To answer your question,
- $S$ in shannon entropy represents a discrete random variable with values $s_{1},s_{2},..s_{n}$
- $S$ in Information Gain represents set of training examples, in the form ${\displaystyle ({\textbf {s}},t)=(s_{1},s_{2},s_{3},...,s_{k},t)}$, where ${\displaystyle s_{a}\in vals(a)}$ is the value of the ${\displaystyle a^{\text{th}}}$ attribute or feature of example ${\displaystyle {\textbf {s}}}$ and $t$ is the class label.

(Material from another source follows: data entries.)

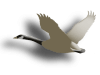 Captcha image 1191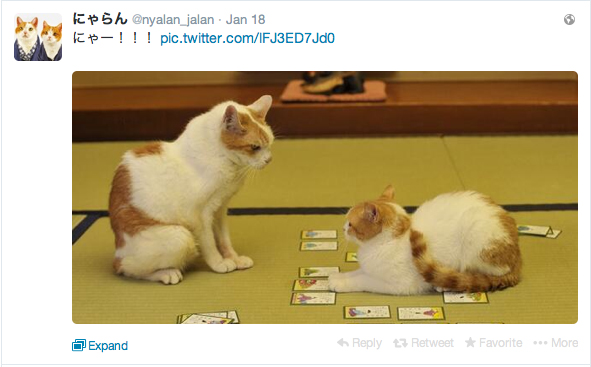 Inilah cerita dua kucing lucu dari Jepang yang bermain “Hyakunin Isshu”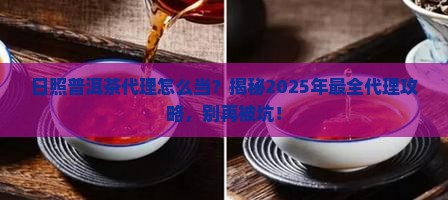 日照普洱茶代理条件是什么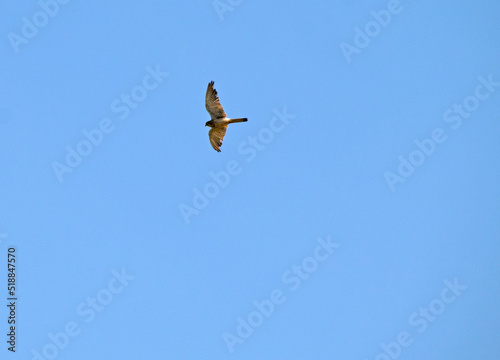 Turmfalke (Falco tinnunculus), fliegend, vor blauem Himmel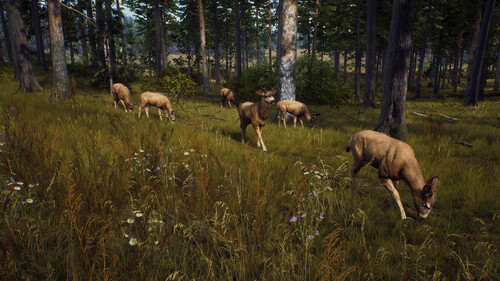 Купить Игра Way of the Hunter Elite Edition (Steam)  5484584. Характеристики, отзывы и цены в Донецке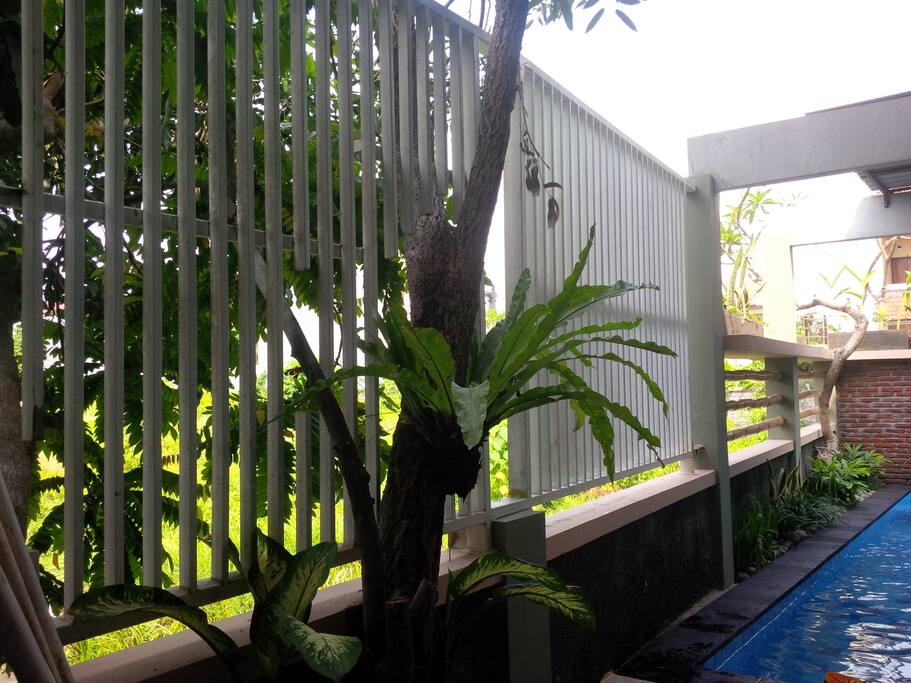 One house for big family holiday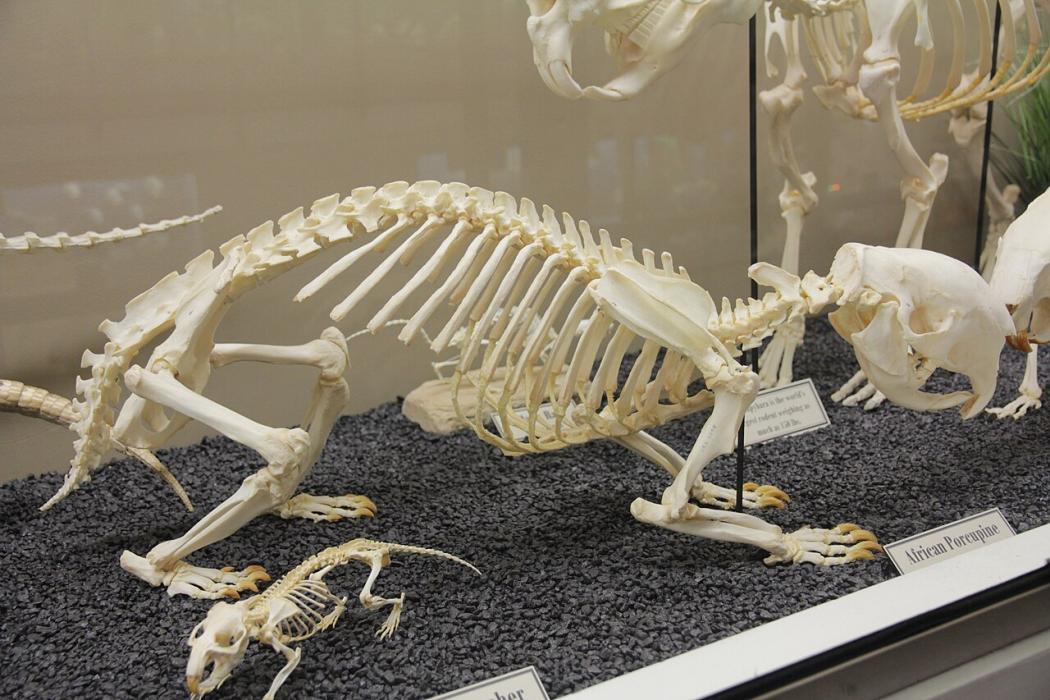 A photo shows an animal skeleton standing on four feet in a glass case.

Below is information from wikipedia
Shannon Entropy: wiki link
Given a discrete random variable $X$, with possible outcomes $x_{1} ,x_{2} ,....x_{n}$
, which occur with probability ${\displaystyle \mathrm {P} (x_{1}),...,\mathrm {P} (x_{n}),}{\displaystyle \mathrm {P} (x_{1}),...,\mathrm {P} (x_{n}),}$ the entropy of $X$ is formally defined as:
${\displaystyle \mathrm {H} (X)=-\sum _{i=1}^{n}{\mathrm {P} (x_{i})\log \mathrm {P} (x_{i})}}$
Information Gain:wiki link
Let ${\displaystyle T}$ denote a set of training examples, each of the form ${\displaystyle ({\textbf {x}},y)=(x_{1},x_{2},x_{3},...,x_{k},y)}$ where ${\displaystyle x_{a}\in vals(a)}$ is the value of the ${\displaystyle a^{\text{th}}}$ attribute or feature of example ${\displaystyle {\textbf {x}}}$ and $y$ is the corresponding class label. The information gain for an attribute ${\displaystyle a}$ is defined in terms of Shannon entropy ${\displaystyle \mathrm {H} (-)}$ as follows. For a value ${\displaystyle v}$ taken by attribute ${\displaystyle a}$, let
${\displaystyle S_{a}{(v)}=\{{\textbf {x}}\in T|x_{a}=v\}}$
be defined as the set of training inputs of ${\displaystyle T}$ for which attribute ${\displaystyle a}$ is equal to ${\displaystyle v}$. Then the information gain of ${\displaystyle T}$ for attribute ${\displaystyle a}$ is the difference between the a priori Shannon entropy ${\displaystyle \mathrm {H} (T)}$ of the training set and the conditional entropy ${\displaystyle \mathrm {H} (T|a)}$ .
${\displaystyle \mathrm {H} (T|a)=\sum _{v\in vals(a)}{{\frac {|S_{a}{(v)}|}{|T|}}\cdot \mathrm {H} \left(S_{a}{\left(v\right)}\right)}.}$
${\displaystyle IG(T,a)=\mathrm {H} (T)-\mathrm {H} (T|a)}$